Wednesday, May 28, 2014

The Matter of the Tip

By Chris Chaos

Nice Guy Eddie: C'mon, throw in a buck! Images
Mr. Pink: Uh-uh, I don't tip.
Nice Guy Eddie: You don't tip?
Mr. Pink: Nah, I don't believe in it.
Nice Guy Eddie: You don't believe in tipping?
Mr. Blue: You know what these chicks make? They make (expletive deleted).
Mr. Pink: Don't give me that. She don't make enough money that she can quit.
Nice Guy Eddie: I don't even know a (expletive deleted) who'd have the (expletive deleted) to say that. 
Let me get this straight: you don't ever tip?
Mr. Pink: I don't tip because society says I have to. All right, if someone deserves a tip, if they 
really put forth an effort, I'll give them something a little something extra. But this tipping 
automatically, it's for the birds. As far as I'm concerned, they're just doing their job.
Mr. Blue: Hey, our girl was nice.
Mr. Pink: She was okay. She wasn't anything special.
Mr. Blue: What's special? Take you in the back and (expletive deleted)?
Nice Guy Eddie: I'd go over twelve percent for that.
excerpt from Quentin Tarantino's Reservoir Dogs
Tipping, who decides what line of business/service workers gets tips? Why tip a waitress but not the person working the register at McDonald's? Who set the rate of pay of a waitress/waiter at below minimum wage? What constitutes a tip? Good service? Small talk? Accuracy of the order? How do you tip if the server and service was good but the food was bad? Should you simply tip just because you know they make only between $2-3 an hour and rely on tips to pay their bill?
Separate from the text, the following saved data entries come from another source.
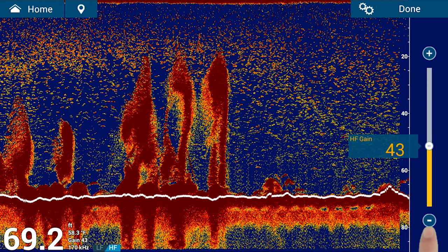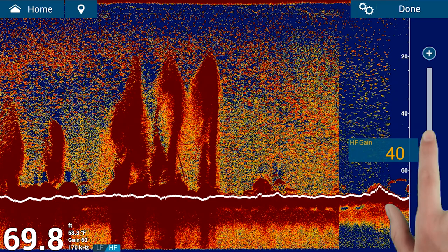Increasing the gain in deeper waters may allow you to see targets you may have missed. Decreasing the gain in shallow water helps to clear any unwanted clutter from the screen.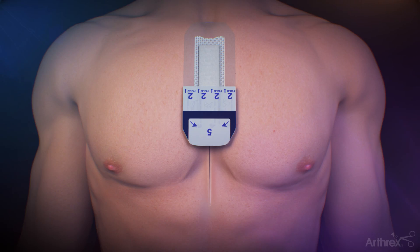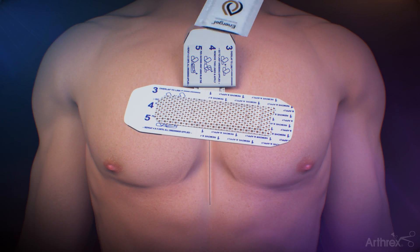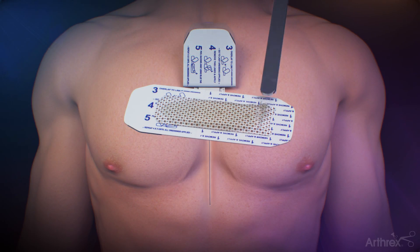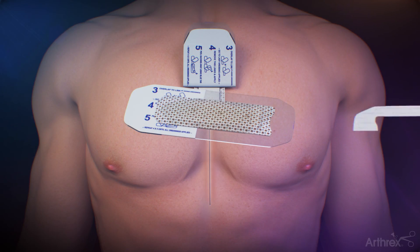To accommodate coverage of larger incisions, link an additional FlexiFit dressing to the first by folding back the liner labeled 2. Repeat adding Energel to the second dressing, then remove the liners labeled 1 and place on top of the distal portion of the first dressing.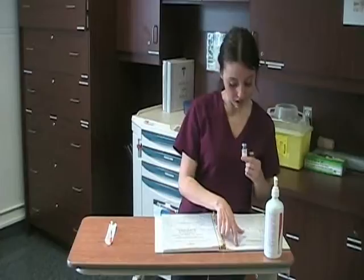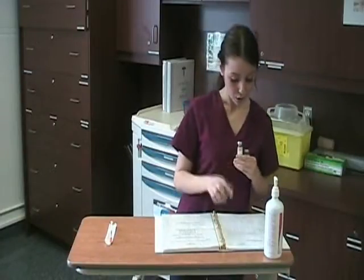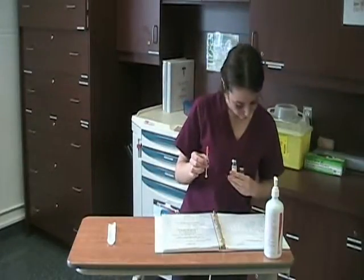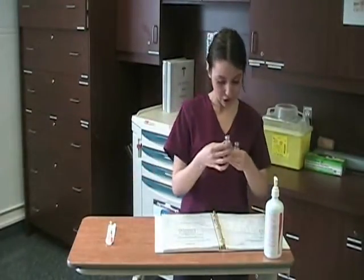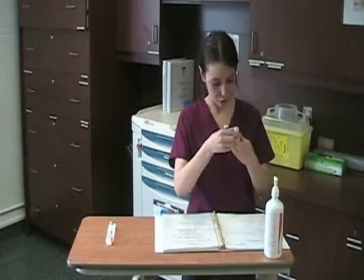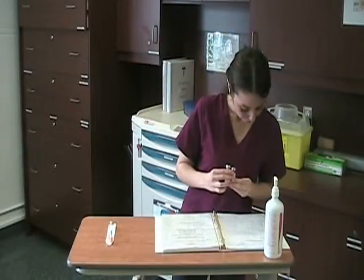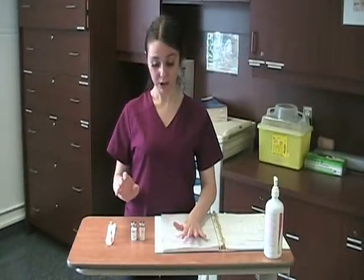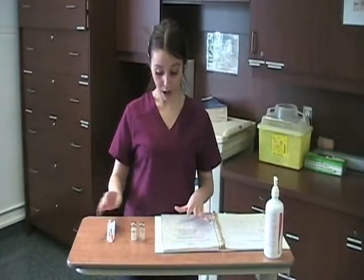Before putting the materials away, we're going to do our five rights one more time: the right patient, the right dose, the right time, the right medication — Humulin N and Humulin R — and the right route. Once we've confirmed our five rights, this is ready to be administered to our patient. We clean up our area, put our materials away, and the technique is finished. Thank you very much.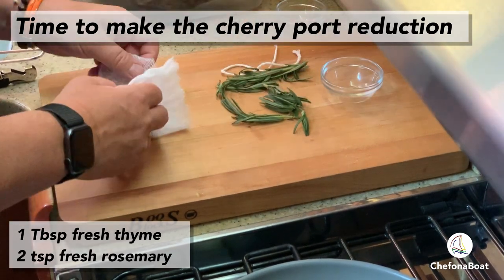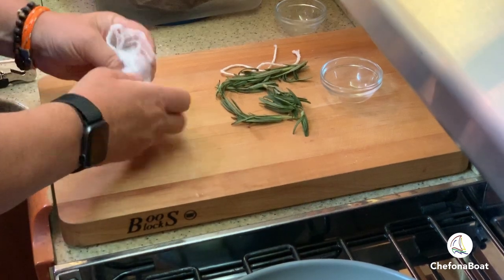Spice bags are a great way to infuse cooking liquids and sauces, allowing for easy removal later.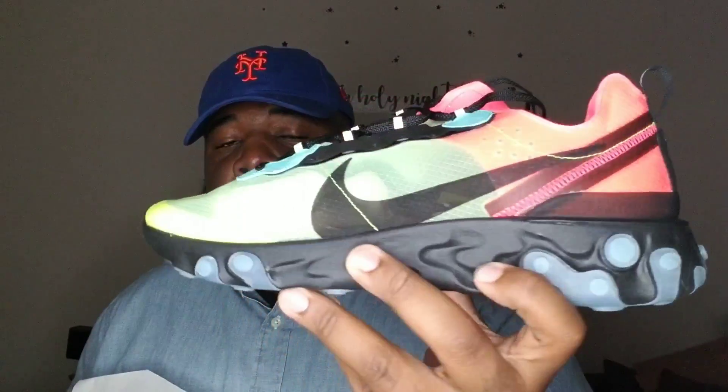So what I got here — zoom in on it — that's right, the 87 Elements. Let's get straight to it, we got the Hyper Fusion 87 Elements. This is a dope shoe. I do not own a pair of these in my collection, but I will. This is a different type of shoe. Shoes are made for certain people; some are about style, some are all about being comfortable, and my understanding with this one is it's all about comfort.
Although in the United States tipping is not mandatory but in some situations it is expected. Some restaurants that serve a large number of foreign customers, tourist areas (or for larger parties) may impose a mandatory gratuities since those customers may not be familiar with US tipping policies. But this must be clearly marked in the menus. Some pizza shops or like businesses may put a tip jar out near the register so if the customer feels they have received great service they can "reward" the workers with their change.
The following is considered the going rate for the following: For waiters at sit-down restaurants, 
bartenders, barbers/hairdressers/attendants at beauty salons, taxi drivers, tour guides, and food delivery people, the tip should be calculated as a percentage of your total bill as follows: 10% usually means you aren't totally happy, 15% usually means all was good, 20% for excellent, over 20% for outstanding. 15% and over is considered "normal".
(These recommendations are based on ones provided by the Emily Post Institute, an expert on etiquette in the US)
If you experience bad or unacceptable service it is customary to tip as low as 10%. If service is bad enough to deserve only 10%, it is a good idea to let the manager know. Also, placing 2 pennies side by side on top of bills neatly placed on the table lets the server know that it is intentionally low because of bad service. If the server in some way did such an awful job so that you do not wish to leave any tip at all, still leave the 2 pennies, so that they understand that you did not just forget to tip.
But all in all if your server is doing their job, is pleasant and you can tell they are trying to assist you, by all means let that reflect in your tip. Although there can be a few people your food goes through to get to you and your table, if the food is not to your liking that may be the cooks fault, not your sever, do not take it out on them.
But one thing that I have learned from the various people that I know that work in the food industry: DO NOT MESS WITH PEOPLE THAT HANDLE YOUR FOOD.